A Thousand Ways
“This is not going to be a conversation,” the robot said once the the drum machine heavy hold-music stopped.
“This is a way to see one another,” she/he/they informed us. “Words are all we have.”
Four days before the year anniversary of our pandemic lockdown, my husband and I attended a performance of A Thousand Ways, an interactive theater piece created by Abigail Browde and Michael Silverstone, the two-person collective known as 600 Highwaymen. We were dressed not for the theater, but instead, in the soft clothes that have, over the last months, become our uniform. Minutes before show time, we took our cell phones to separate rooms, dialed a number and entered a personal code.

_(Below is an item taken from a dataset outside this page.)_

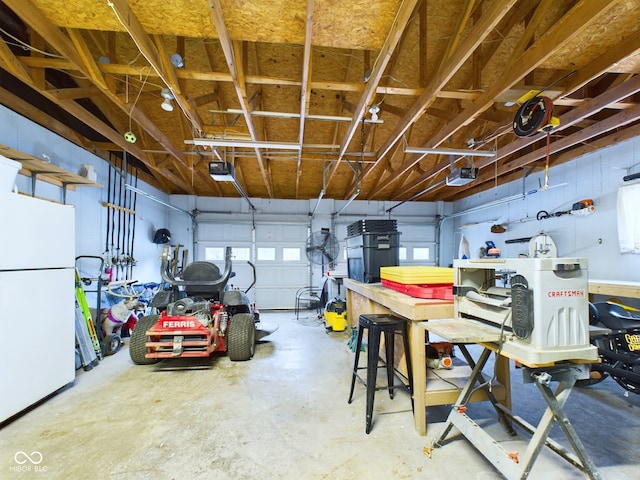 garage featuring white fridge and a garage door opener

“This is not going to be a conversation.”
So what was it?
Besides the robot, there was only one other person on the line. A man. The robot asked us to choose to be A or B. I chose first, but I chose B. (Later, my husband would say this is typical of me. I often reserve what could be considered the better choice for the other person.)

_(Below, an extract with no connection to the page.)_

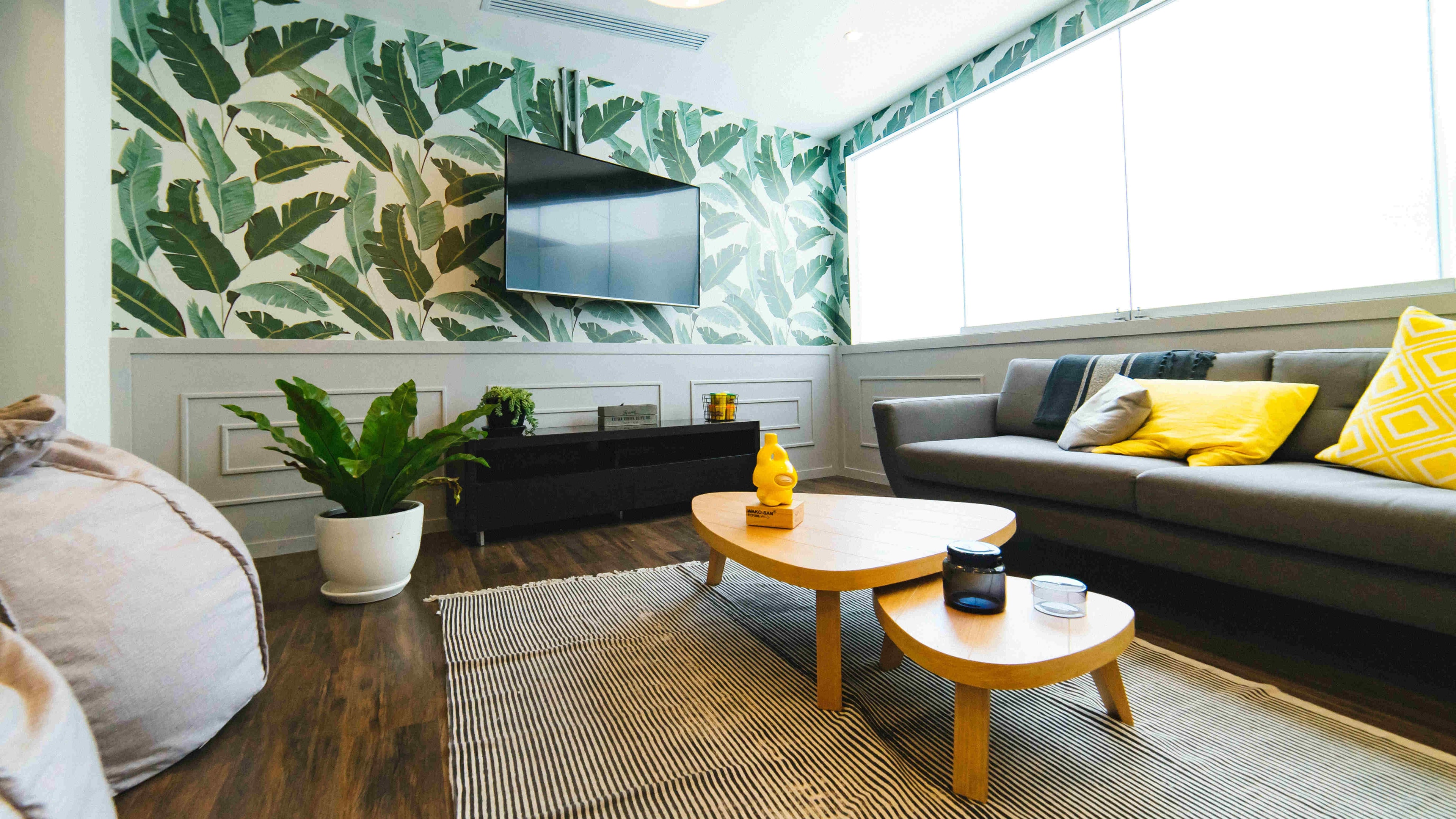 Corner view into a modern living room in earthy and green tones, with eye-catching leaf-patterned wallpaper and a very wide window front.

The robot began to ask questions. It wanted to know about the objects surrounding us. The man – we’ll now call him A. -- had a rolling chair from Ikea. He had a turtle shaped lamp. He had a painting of a bridge in Vancouver.
I took in the pile of books on my bed stand, the tangle of laundry on the dresser. There were three pairs of my shoes in three different areas. Walking shoes, running shoes, house slippers.
A was born in 1964. He had no tattoos. He had three siblings. He loved a person named Mark. (When he said the name, I could hear the love.)
“Some day this will be something we will laugh about,” the robot said.
A answered in the affirmative when asked if he’d ever shot a gun.
“A BB gun.”
I was trying to take notes, but I was also trying to participate. I wanted to be all in. This is hard for me even if I’m not actively taking notes. My brain is recording, trying to make connections. The robot was asking me to set that aside.
“Words are not always enough.”
The man known only to me as A had a friend named Rex.
“Where is he?” the Robot wondered.
“Lying in a bed, trying not to suffer,” A answered.
He described Rex’s hazel eyes.
Who had been my support? I could name at least a dozen people with no effort. Where were they now? Princeton, Atwater Village, Sandia Park, Albuquerque, Santa Monica. At a desk, a kitchen table, walking a trail, at a potter’s wheel, in the garden, on the beach.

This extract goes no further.